Questions from exporter, travel agent, packing company about taxes answered.

India's exports had a disappointing start in the first month of the new financial year as growth crashed to a four-month low of only 0.64 per cent in April
Import tax rules explained.
TNC Rajagopalan
3 min read Last Updated : Jun 18 2019 | 2:00 AM IST
We are an EOU in Rajasthan. We want to import machinery from our joint venture partner (49 per cent shareholder in the EOU). We want to understand how the custom clearance, Bill of Entry, etc will be complied with. Do any specific rules or compliances need to be complied with?

This will be an import from a related party. The Customs Valuation laws require such transactions to be examined as to whether the relationship has influenced the price. The Central Board of Excise and Customs had issued detailed instructions vide Circular Nos. 1/98-Customs, dated January 1, 1998, 11/2001-Customs, dated February 23, 2001, 20/2007-Cus., dated May 8, 2007, and 5/2016-Cus., dated February 9, 2016, prescribing the procedure to be observed by Custom Houses for referring cases to Special Valuation Branches and time lines to be followed for finalising such cases. You may go through these instructions. They are applicable for free of cost and duty-free imports also. The other procedures are the same as for your imports from unrelated parties. 

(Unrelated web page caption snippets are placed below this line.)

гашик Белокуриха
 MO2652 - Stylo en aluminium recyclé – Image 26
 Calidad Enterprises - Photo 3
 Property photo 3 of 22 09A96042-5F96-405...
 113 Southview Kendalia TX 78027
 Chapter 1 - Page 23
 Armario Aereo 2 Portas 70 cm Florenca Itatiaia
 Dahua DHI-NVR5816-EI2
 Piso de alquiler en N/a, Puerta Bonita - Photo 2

We are tour operators. We sell tour packages to international tour operators and they in turn resell the same to their customers. These foreign tourists (customers) arrive in India and we extend our tour operating services to them (as per the agreement we have with international tour operators). The value of services rendered to these foreign tourists is charged to international tour operators’ A/C, and they periodically settle their dues through foreign remittances. Our services are considered service exports as per 9.51(ii) of FTP and we are entitled to SEIS claims. However, according to JDGFT, para 9.51(ii) pre-supposes the physical presence of both the service provider (us), and the service recipient (international tour operator) in India at the time of delivery of service, and since this is not being followed, we are not entitled to SEIS claim. Your view on the above is requested.

I think there is some merit in  DGFT taking a view that since you are billing the international tour operator located abroad and not tourists, your service does not fall under Para 9.51 (ii) of FTP. However, in my view, the SEIS benefit cannot be denied, as the service would then get covered under Para 9.51 (i) of FTP, i.e., supply of a “service” from India to any other country (Mode 1 – cross-border trade).

We avail of packing credit, running account facility. We presented the export bill for negotiation/purchase to the bank. Can the bank allow the proceeds of bill negotiated/purchased to be credited to our current account when there is no overdue in the packing credit account? We have not availed of packing credit against the order under which the export bill in question is drawn. The account is otherwise regular. Please clarify and advise.

When there is no outstanding in the packing credit account, I do not see any reason why the bank cannot accede to your request to credit the proceeds of your export bill negotiated/purchased to your current account.